### What the task asks
Using the data that follows, give again word for word the lines between the one holding "Brother Equipo Multifunción" and the one holding "Yo-Li-Sa Logo", inclusive. Omit the pictures.

### Records to process
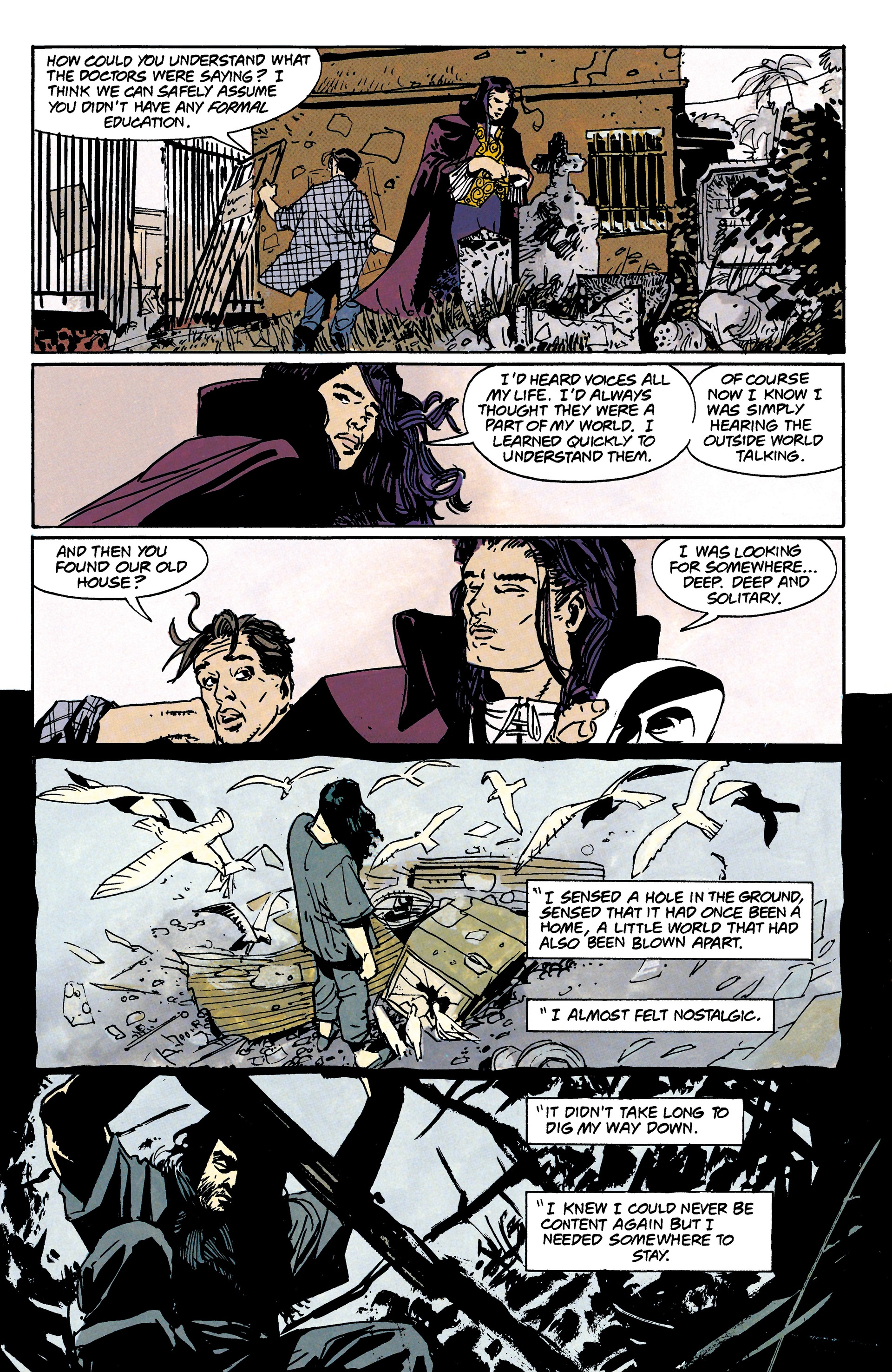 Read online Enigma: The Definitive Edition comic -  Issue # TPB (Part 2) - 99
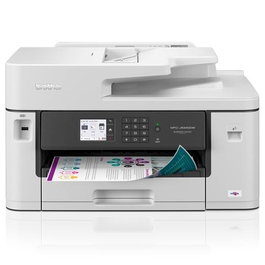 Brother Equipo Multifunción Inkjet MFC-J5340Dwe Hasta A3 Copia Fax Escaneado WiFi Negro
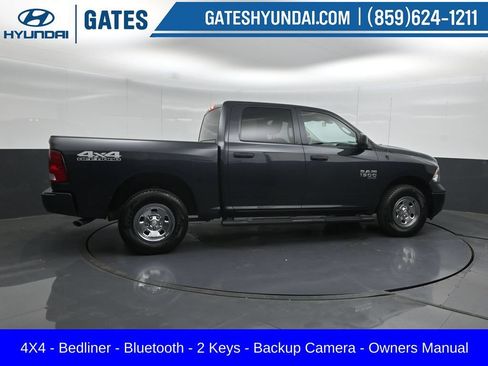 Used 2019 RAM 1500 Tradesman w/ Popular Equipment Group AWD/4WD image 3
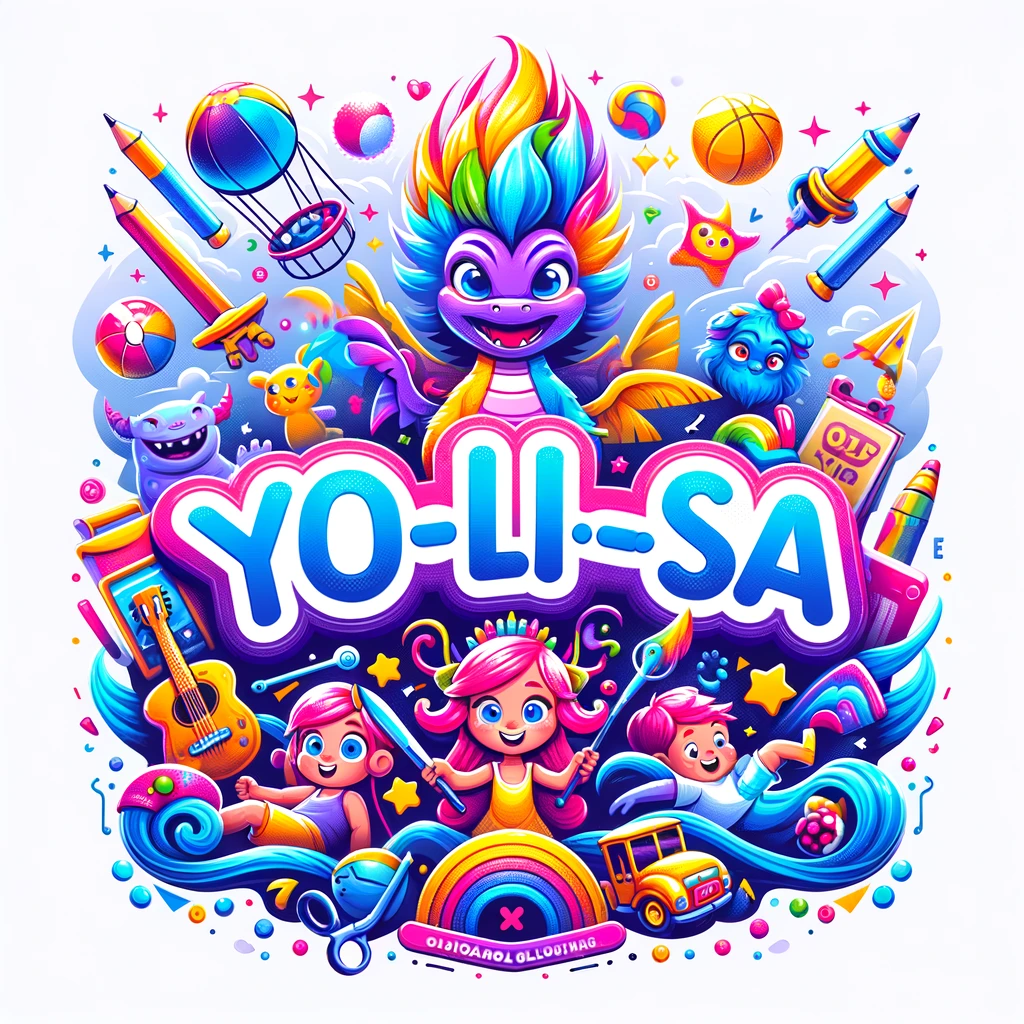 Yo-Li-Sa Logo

...

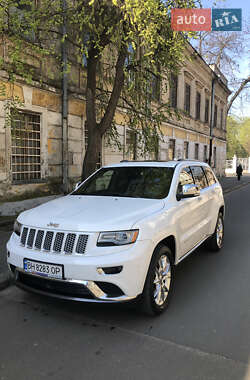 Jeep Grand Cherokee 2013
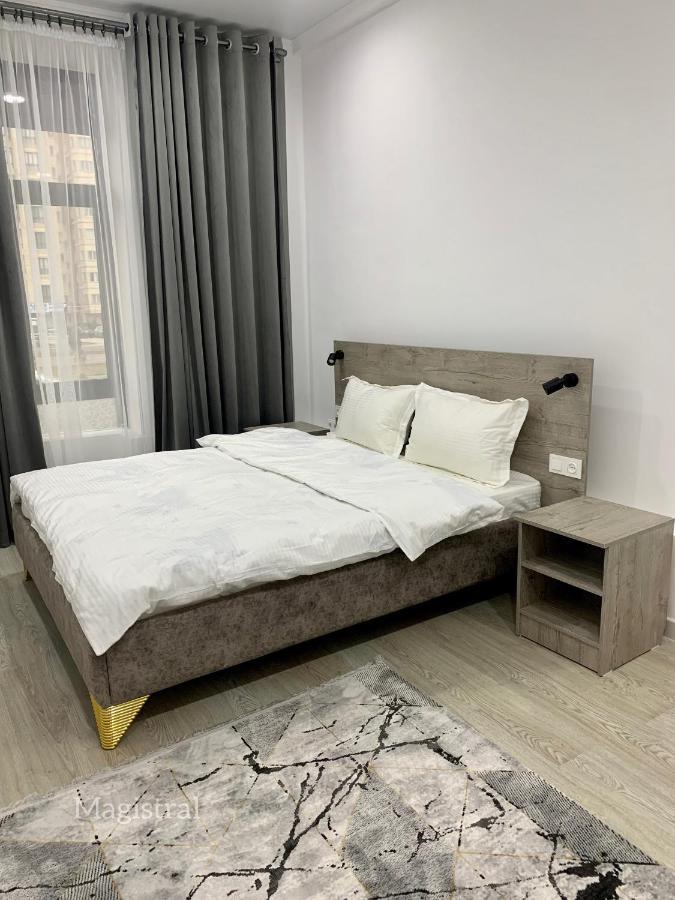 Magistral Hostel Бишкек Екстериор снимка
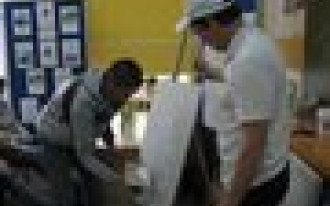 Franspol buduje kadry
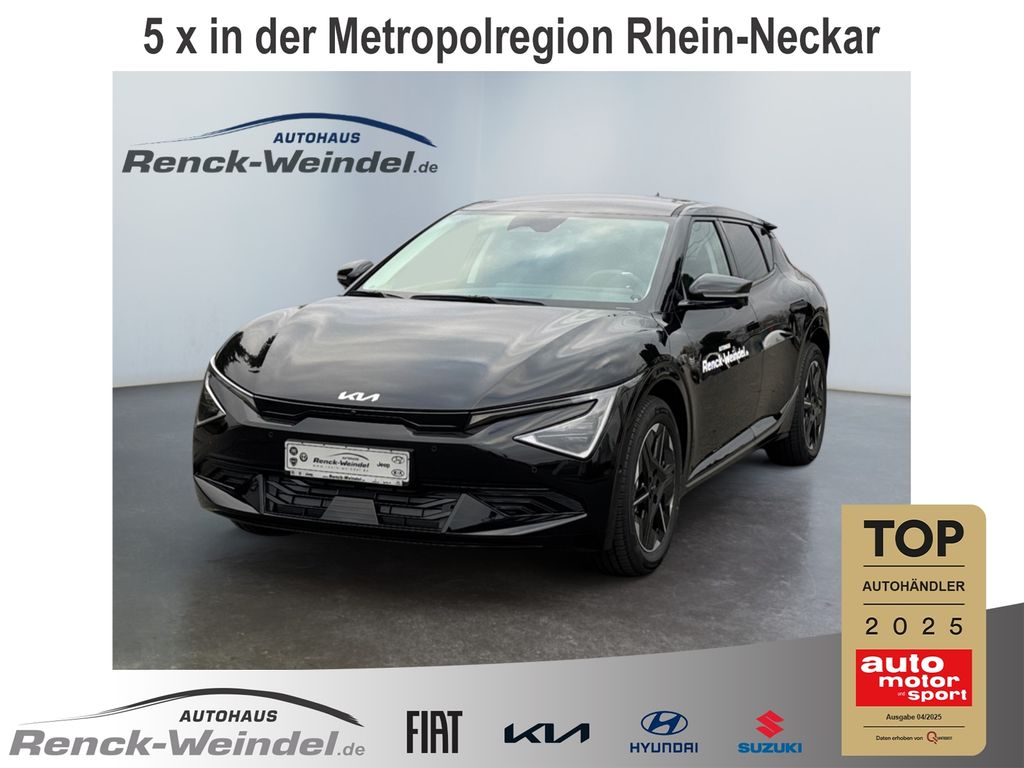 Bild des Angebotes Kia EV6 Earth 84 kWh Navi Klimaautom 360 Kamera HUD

--

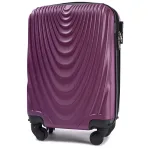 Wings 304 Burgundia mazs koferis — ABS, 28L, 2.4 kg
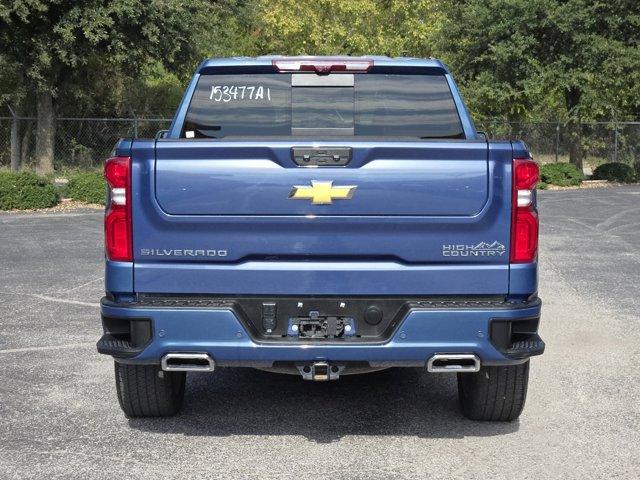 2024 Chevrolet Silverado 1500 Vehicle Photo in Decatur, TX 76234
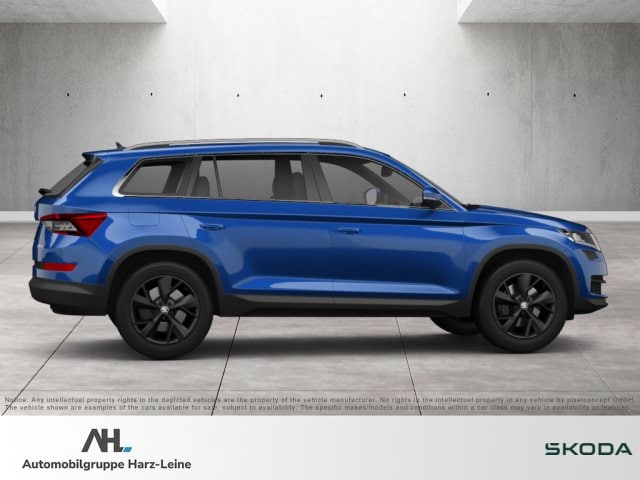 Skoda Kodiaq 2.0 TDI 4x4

### Response box
 Brother Equipo Multifunción Inkjet MFC-J5340Dwe Hasta A3 Copia Fax Escaneado WiFi Negro
 Used 2019 RAM 1500 Tradesman w/ Popular Equipment Group AWD/4WD image 3
 Yo-Li-Sa Logo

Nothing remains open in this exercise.